I lowered the ETC1 encoder's quality setting, so it doesn't try varying the block color so much during endpoint optimization. The DXT1 artifacts in my first experiment are definitely improved, although the overall quality is reduced. I also enabled usage of 3-color DXT1 blocks (although that was very minor).

Perhaps the right solution (that preserves quality but avoids the artifacts) is to add ETC1->DXT1 error evaluation to the ETC1 encoder, so it's aware of how much DXT1 error each ETC1 trial block color has.

ETC1 (subset):


Error: Max: 101, Mean: 4.036, MSE: 34.999, RMSE: 5.916, PSNR: 32.690

Converted directly to DXT1 using a 18-bit lookup table:


Error: Max: 107, Mean: 4.239, MSE: 38.930, RMSE: 6.239, PSNR: 32.228

Another ETC1:


Error: Max: 121, Mean: 4.220, MSE: 45.108, RMSE: 6.716, PSNR: 31.588

DXT1:


Error: Max: 117, Mean: 4.403, MSE: 48.206, RMSE: 6.943, PSNR: 31.300

Direct conversion of ETC1 to DXT1 texture data (originally published 9/11/16)
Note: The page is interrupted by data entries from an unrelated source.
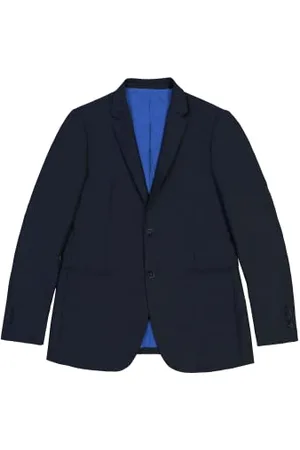 GIANNI LUPO GL7001GI kurtka męska, granatowa, S, morska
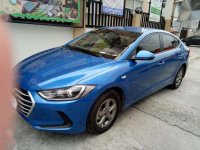 2017 Hyundai Elantra GL  FOR SALE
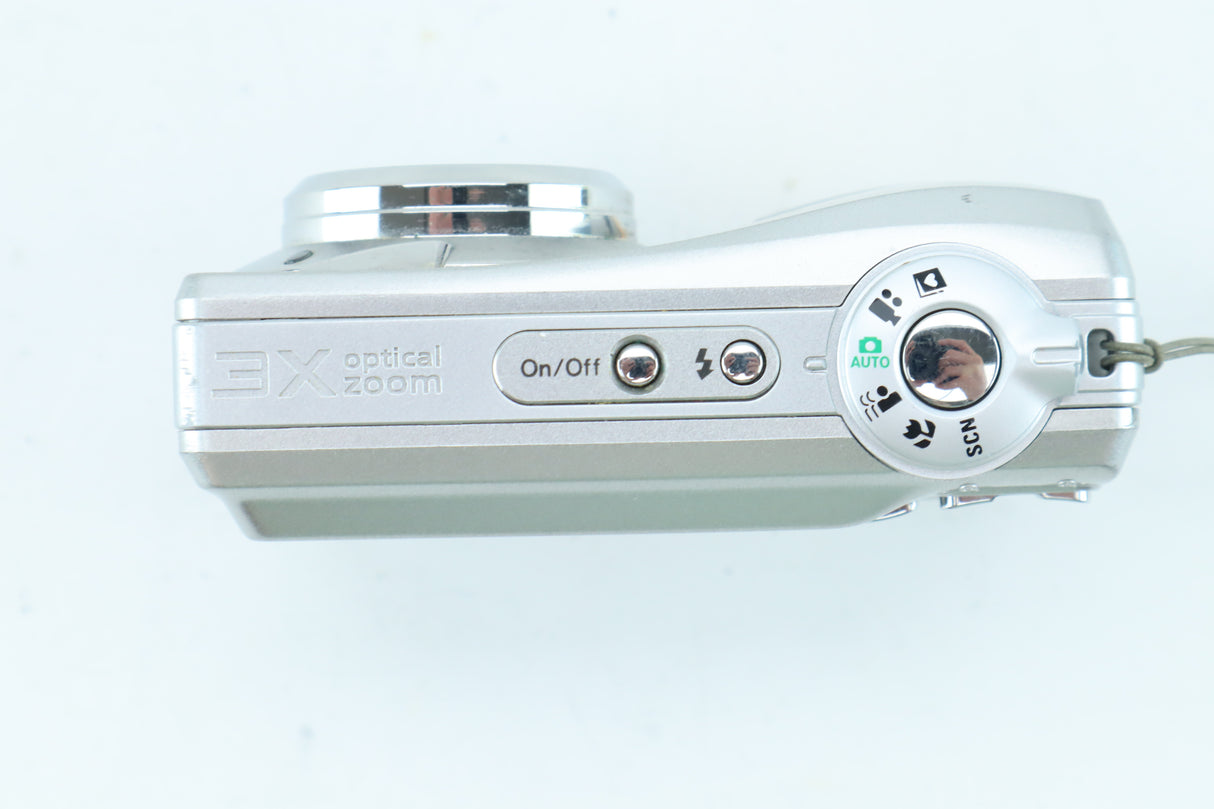 Kodak EasyShare C713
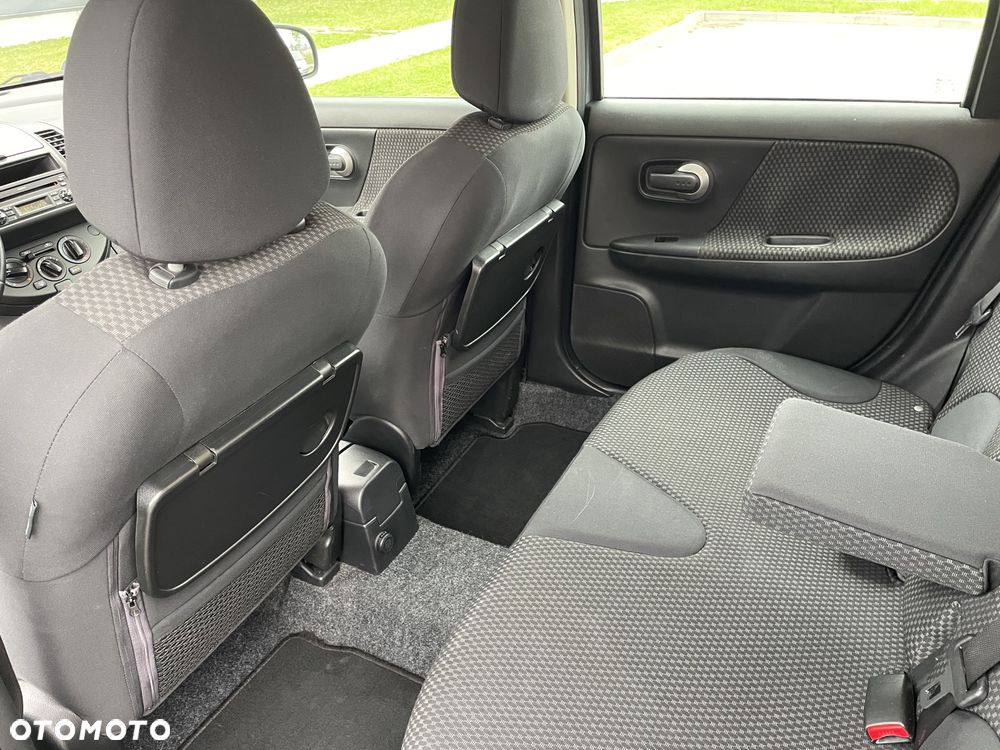 Nissan Note - 13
In this experiment, I limited my ETC1 encoder to only use a subset of the full format: differential mode, no flipping, with the diff color always set to (0,0,0). So all we use in the ETC1 format is the 5:5:5 base color, the 3-bit intensity table index, and the 16 2-bit selectors. This is the same subset used in this post on ETC1 endpoint clusterization.

This limits the ETC1 encoder to only utilizing 4 colors per block, just like DXT1. These 4 colors are on a line parallel to the grayscale axis. Fully lossless conversion (of this ETC1 subset format) to DXT1 is not possible in all cases, but it may be possible to do a "good enough" conversion.

The ETC1->DXT1 conversion step uses a precomputed 18-bit lookup table (5*3+3 bits) to accelerate the conversion of the ETC1 base color, intensity table index, and selectors to DXT1 low/high color endpoints and selectors. Each table entry contains the best DXT1 low/high color endpoints to use, along with a 4 entry table specifying which DXT1 selector to use for each ETC1 selector. I used crunch's DXT1 endpoint optimizer to build this table.

ETC1 (subset):

Error: Max:  80, Mean: 3.802, MSE: 30.247, RMSE: 5.500, PSNR: 33.324



Converted directly to DXT1 using the lookup table approach, then decoded (in software using crnlib):

Error: Max:  73, Mean: 3.966, MSE: 32.873, RMSE: 5.733, PSNR: 32.962


Delta image:


Grayscale delta histogram:


There are some block artifacts to work on, but this is great progress for 1 hour of work. (Honestly, I would have been pretty worried if there weren't any artifacts to figure out on my first test!)

These results are extremely promising. The next step is to work on the artifacts and do more testing. If this conversion step can be made to work well enough it means that a lossy "universal crunch" format that can be quickly and efficiently transcoded to either DXT1 or ETC1 is actually possible.